MOVES to take playing fields across Colchester “out of the hands of politicians” have been welcomed.

Colchester Council is drawing up plans for the borough’s green spaces to be placed in trust so they can’t be sold off for development.

Officials are drawing up a list of play areas and recreation grounds suitable for protection by the Fields in Trust organisation.

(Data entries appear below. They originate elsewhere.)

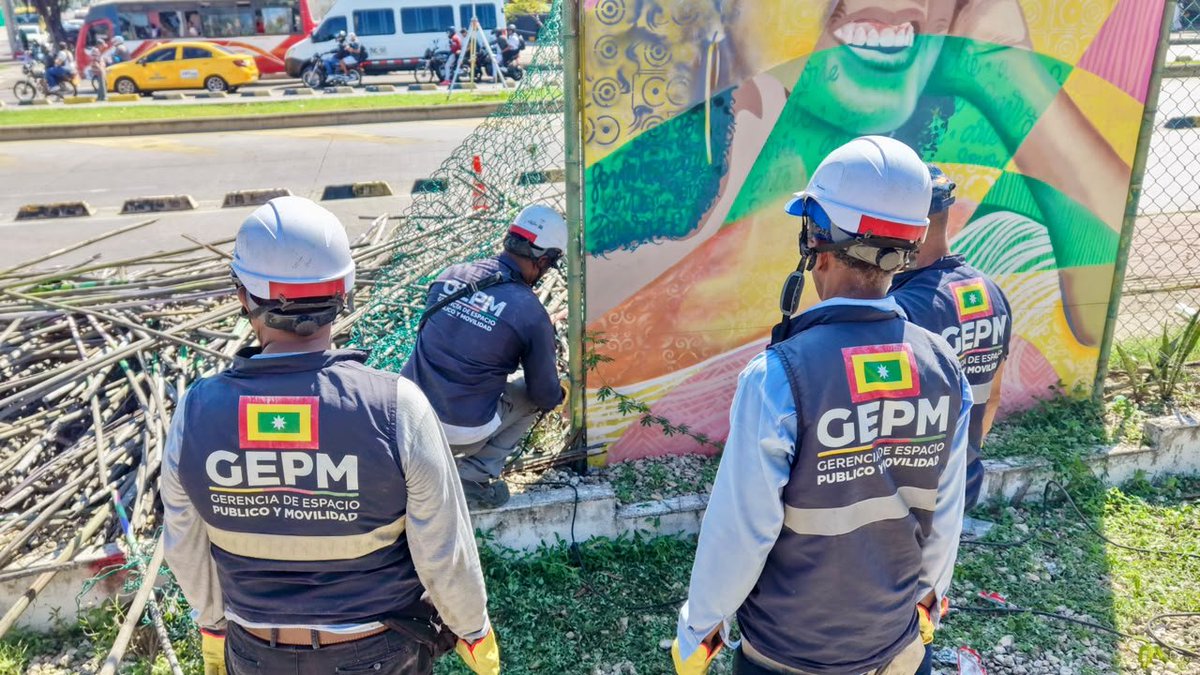 dumek_turbay's tweet photo. En el Espinal, frente al Castillo San Felipe y al lado de Chambacú, funcionó de manera ILEGAL un establecimiento comercial llamado PikoRed. 𝗘𝗹 𝗽𝗿𝗲𝗱𝗶𝗼 𝗻𝗼 𝗲𝗿𝗮 𝗽𝗿𝗶𝘃𝗮𝗱𝗼 𝘀𝗶𝗻𝗼 𝗱𝗲 𝘁𝗼𝗱𝗼𝘀 𝗹𝗼𝘀 𝗰𝗮𝗿𝘁𝗮𝗴𝗲𝗻𝗲𝗿𝗼𝘀; ¡𝗘𝗷𝗲𝗰𝘂𝘁𝗮𝗺𝗼𝘀 𝘀𝘂 𝗿𝗲𝘀𝘁𝗶𝘁𝘂𝗰𝗶ó𝗻!

Con esta intervención, ratificamos nuestro compromiso con la recuperación y protección del espacio público, promoviendo entornos más accesibles, conectados y disponibles para todos.

La restitución de esta franja contribuirá a mejorar la movilidad peatonal y fortalecer la conectividad entre el barrio El Espinal, el Centro Histórico y el Castillo de San Felipe, devolviendo a todos un espacio destinado al uso colectivo.

Seguimos transformando a #Cartagena ✔️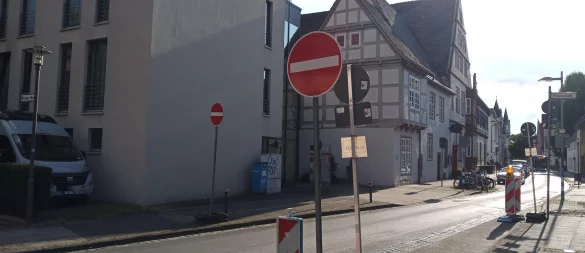 Hier geht's nicht mehr rein: Die rot-weißen Einbahnstraßenschilder sind jetzt da. Vorher fehlten sie und erlaubten theoretisch die Einfahrt in die Papenstraße (links im Bild: das "Stadtpalais") entgegen der Fahrtrichtung. Mancher vermutlich ortsunkundige "Geisterfahrer" wurde gesichtet. - © Jens Rademacher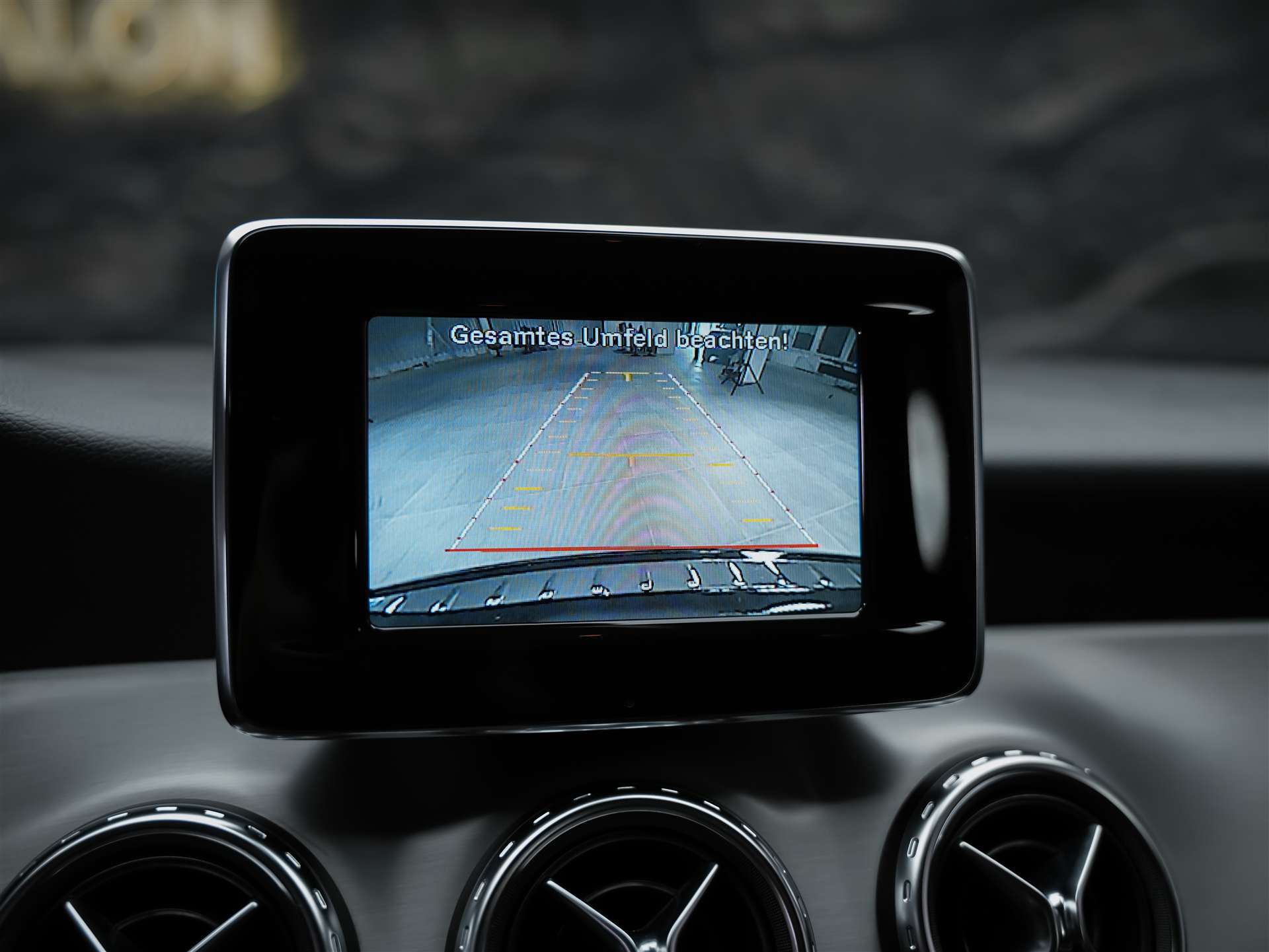 MERCEDES-BENZ GLA 220 CDI AMG Line 4Matic 7G-DCT *CH-Fahrzeug*-image-34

The independent group works with local authorities to draw up legal agreements to protect playing fields from development.

Anne Turrell, Lib Dem council leader, said: “These sites are to provide open space for recreation and for the benefit of local people, not to be built on.

“While they are already protected by being designated as open land in the local development framework, that designation can be changed to make them available to developers.

“Placing them in trust would put an extra bureaucratic hurdle in the way of that happening.”

Mrs Turrell said general and local elections next month meant progress on the scheme had slowed down, but officers have promised rapid progress after May 6.

Sites already identified as suitable include the play area and rugby ground in Mill Road and the Mile End recreation ground, off Ford’s Lane.

More than 2,000 homes are scheduled to be built in the Mile End area, with the recreation ground identified as a possible site for a new secondary school.

Will Quince, Conservative Parliamentary candidate for Colchester, welcomed the council’s proposal.

He said: “I was the first to propose the Mile End fields should be put in trust, because people are desperate for this land to be protected.

“We do not have enough open, green space in Colchester as it is.”

Violet Cadman, 80, of Mill Road, Colchester, said: “It’s good for the children who go there and play. There’s always somebody on there. I think Mile End is getting overrun with new houses.

“I know people want places to live, but it’s getting very dense. A lot of houses don’t have gardens now, so these fields are important.”

Emma Vince, 20, Mill Road, Colchester, said: “It's a really good move. When we moved here 13 years ago it was fields opposite us.

“They are nice housing estates now but it was better for us when it was fields.”